PRO will release periodic reports, hold forums, coordinate public
information campaigns and propose model contract language, as well
as suggest legislative and regulatory reforms on issues pertaining
to the rights of professional employees. We plan to expand this
coalition and to begin aggressively monitoring many of the employers
where our members work.
I would like
to touch on three more coalitions very briefly. The first deals with
an issue that that has impacted the high tech workforce. The H1-B
guest worker visas, a provision in immigration law that allows
employers to sponsor high tech workers to work in the US for up to
six years. These H1-B visa holders are not classified as employees
and therefore cannot be organized they most always work for less
than the prevailing wage and US workers have no protects when
layoffs occur. US workers can be laidoff while H1-B workers remain,
US workers can be laidoff and then replaced by H1-B visa holders.

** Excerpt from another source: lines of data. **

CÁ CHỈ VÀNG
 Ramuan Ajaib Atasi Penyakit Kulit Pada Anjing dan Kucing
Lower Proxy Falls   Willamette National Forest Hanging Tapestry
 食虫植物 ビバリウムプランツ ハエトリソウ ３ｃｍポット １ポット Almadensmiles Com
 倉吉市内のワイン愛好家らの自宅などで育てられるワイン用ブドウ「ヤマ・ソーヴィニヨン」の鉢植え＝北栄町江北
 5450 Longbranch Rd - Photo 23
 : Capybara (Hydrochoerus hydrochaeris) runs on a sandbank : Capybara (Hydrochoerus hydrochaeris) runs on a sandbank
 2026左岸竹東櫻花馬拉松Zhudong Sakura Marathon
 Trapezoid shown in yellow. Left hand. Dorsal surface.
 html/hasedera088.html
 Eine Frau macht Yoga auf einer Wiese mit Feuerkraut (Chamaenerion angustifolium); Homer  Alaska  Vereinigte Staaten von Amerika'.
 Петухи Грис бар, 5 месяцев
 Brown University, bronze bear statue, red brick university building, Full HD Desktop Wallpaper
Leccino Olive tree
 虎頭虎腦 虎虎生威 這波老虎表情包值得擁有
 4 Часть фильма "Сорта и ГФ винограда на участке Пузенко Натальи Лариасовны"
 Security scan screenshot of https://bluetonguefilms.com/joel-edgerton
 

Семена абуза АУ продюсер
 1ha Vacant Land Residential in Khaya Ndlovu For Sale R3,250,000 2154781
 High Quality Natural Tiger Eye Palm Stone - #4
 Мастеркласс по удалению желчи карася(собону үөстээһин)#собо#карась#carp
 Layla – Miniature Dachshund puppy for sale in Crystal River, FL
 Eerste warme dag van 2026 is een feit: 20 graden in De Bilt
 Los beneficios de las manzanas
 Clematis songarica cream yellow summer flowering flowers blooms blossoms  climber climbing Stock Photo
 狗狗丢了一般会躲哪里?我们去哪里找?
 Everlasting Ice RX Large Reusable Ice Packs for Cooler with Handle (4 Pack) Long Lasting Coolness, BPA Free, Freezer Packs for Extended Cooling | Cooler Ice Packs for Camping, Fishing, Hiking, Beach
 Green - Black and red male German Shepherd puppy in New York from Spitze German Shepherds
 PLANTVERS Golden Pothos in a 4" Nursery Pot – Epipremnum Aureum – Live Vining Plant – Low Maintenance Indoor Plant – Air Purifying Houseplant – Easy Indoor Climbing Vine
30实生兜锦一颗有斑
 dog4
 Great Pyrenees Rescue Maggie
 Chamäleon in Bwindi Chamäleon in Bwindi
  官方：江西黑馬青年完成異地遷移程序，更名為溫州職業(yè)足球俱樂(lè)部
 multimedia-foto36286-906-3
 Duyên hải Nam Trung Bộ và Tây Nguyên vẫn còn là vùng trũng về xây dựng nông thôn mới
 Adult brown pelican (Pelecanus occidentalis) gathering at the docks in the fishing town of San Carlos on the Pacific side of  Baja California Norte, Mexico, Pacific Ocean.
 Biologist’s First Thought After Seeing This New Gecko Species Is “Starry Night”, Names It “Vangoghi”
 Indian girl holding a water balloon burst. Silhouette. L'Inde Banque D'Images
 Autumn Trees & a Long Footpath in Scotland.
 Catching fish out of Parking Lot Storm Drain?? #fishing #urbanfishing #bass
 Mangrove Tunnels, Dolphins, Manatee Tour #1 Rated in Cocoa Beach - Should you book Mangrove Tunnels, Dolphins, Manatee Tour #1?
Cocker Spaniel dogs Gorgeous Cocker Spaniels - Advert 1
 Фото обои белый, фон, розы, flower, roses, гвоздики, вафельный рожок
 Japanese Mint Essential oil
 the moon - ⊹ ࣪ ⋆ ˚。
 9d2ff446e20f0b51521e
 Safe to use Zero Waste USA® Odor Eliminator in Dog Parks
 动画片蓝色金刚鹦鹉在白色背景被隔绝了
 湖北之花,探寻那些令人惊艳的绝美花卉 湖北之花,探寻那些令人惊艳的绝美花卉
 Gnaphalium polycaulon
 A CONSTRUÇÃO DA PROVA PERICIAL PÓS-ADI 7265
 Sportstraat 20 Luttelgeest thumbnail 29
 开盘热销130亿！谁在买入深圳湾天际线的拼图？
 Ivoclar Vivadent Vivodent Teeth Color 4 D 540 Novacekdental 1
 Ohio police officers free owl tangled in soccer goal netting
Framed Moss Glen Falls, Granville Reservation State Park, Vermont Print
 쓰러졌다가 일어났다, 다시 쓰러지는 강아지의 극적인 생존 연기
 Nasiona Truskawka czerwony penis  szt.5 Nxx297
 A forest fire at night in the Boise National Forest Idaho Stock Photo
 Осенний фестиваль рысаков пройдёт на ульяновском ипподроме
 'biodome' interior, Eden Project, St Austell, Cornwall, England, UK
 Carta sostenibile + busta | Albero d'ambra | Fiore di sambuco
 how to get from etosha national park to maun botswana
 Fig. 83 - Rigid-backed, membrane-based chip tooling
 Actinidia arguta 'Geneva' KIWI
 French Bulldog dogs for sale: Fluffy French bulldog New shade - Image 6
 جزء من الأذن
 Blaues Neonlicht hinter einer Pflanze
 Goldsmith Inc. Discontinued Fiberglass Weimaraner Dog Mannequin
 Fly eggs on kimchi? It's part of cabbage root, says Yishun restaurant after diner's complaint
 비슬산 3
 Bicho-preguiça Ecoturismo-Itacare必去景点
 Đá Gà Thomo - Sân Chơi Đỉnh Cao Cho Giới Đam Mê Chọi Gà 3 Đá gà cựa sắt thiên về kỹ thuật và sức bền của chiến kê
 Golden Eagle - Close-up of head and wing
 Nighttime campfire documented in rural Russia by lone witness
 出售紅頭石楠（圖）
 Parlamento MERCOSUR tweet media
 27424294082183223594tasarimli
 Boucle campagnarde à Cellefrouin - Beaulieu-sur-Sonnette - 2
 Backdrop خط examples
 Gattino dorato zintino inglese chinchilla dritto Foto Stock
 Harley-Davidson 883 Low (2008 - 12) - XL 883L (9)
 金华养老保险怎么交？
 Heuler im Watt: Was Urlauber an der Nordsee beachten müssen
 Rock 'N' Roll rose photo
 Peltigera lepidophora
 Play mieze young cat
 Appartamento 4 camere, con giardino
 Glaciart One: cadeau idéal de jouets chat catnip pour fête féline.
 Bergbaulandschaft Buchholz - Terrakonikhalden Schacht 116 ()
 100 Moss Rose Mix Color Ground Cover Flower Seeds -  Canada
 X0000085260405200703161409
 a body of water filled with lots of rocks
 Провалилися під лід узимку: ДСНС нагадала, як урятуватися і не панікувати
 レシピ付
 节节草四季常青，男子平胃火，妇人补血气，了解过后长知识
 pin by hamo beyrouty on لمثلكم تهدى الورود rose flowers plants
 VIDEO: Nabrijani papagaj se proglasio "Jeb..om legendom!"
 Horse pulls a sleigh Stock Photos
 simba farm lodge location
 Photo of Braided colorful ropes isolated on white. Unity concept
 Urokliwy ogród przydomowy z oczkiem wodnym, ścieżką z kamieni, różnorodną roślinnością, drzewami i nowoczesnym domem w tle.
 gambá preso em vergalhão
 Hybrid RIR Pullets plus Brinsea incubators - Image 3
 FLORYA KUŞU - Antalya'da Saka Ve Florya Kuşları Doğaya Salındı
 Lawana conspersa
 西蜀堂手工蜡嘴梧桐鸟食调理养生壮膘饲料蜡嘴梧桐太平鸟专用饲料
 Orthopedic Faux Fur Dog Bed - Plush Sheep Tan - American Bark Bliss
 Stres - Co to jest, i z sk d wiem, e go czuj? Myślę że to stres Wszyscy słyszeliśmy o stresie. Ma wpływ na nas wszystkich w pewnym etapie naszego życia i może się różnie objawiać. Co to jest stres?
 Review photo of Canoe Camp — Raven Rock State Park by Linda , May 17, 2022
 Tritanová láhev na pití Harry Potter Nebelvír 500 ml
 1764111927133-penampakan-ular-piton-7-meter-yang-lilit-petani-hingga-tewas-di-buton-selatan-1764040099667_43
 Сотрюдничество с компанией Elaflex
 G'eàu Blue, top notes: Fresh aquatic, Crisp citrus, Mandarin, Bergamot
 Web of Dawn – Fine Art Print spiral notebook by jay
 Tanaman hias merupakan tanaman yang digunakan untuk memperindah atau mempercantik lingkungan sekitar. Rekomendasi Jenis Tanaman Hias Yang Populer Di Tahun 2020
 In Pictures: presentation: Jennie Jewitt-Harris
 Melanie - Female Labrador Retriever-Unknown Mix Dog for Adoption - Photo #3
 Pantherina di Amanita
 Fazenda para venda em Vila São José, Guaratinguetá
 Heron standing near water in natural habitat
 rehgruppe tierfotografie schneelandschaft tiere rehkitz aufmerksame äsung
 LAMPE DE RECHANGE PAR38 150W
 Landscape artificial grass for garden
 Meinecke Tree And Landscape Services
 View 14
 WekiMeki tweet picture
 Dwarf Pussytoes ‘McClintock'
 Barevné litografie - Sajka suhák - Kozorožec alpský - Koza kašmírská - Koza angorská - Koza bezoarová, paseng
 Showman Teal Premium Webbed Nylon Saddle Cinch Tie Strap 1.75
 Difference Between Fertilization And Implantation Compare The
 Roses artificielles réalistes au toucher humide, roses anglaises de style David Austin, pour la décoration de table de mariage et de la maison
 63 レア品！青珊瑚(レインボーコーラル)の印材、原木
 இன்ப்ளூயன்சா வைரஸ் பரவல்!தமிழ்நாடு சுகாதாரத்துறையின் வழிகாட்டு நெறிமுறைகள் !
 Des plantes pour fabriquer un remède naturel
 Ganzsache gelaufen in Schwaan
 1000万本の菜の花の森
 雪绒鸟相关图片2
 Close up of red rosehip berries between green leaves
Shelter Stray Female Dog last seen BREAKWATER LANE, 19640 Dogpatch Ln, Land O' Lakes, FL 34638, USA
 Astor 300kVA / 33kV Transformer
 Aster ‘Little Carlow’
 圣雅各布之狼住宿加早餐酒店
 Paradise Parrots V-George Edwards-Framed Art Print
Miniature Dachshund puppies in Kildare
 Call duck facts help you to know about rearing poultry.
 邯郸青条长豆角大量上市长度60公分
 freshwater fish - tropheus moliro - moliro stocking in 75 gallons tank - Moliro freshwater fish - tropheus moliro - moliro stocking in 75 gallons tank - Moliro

There is a question that gets raised with higher ed graduate and
students who sometimes get H1-B visa as well. Higher ed is exempt
from the cap and provisions that the high tech employers operate
under. Attached to the material is a list of the coalition. This
coalition is combination of labor, engineering societies, and
independent employees associations.
Building a
Digital Workforce was a coalition of labor and business through the
National Policy Association to look at the digital divide and lastly
Highway Robbery a report on contracting out is the by product of the
National Association of State Highway and Transportation Unions a
group of AFL-CIO and independent unions.
While
coalitions are often successful they are often born out of necessity
and short lived. AFT’s Secretary Treasurer Ed McElroy once told me
something that Al Shanker had shared with him “that you have to make
a friend before you need a friend.”
That is how
we should look at coalition building.
Thank you.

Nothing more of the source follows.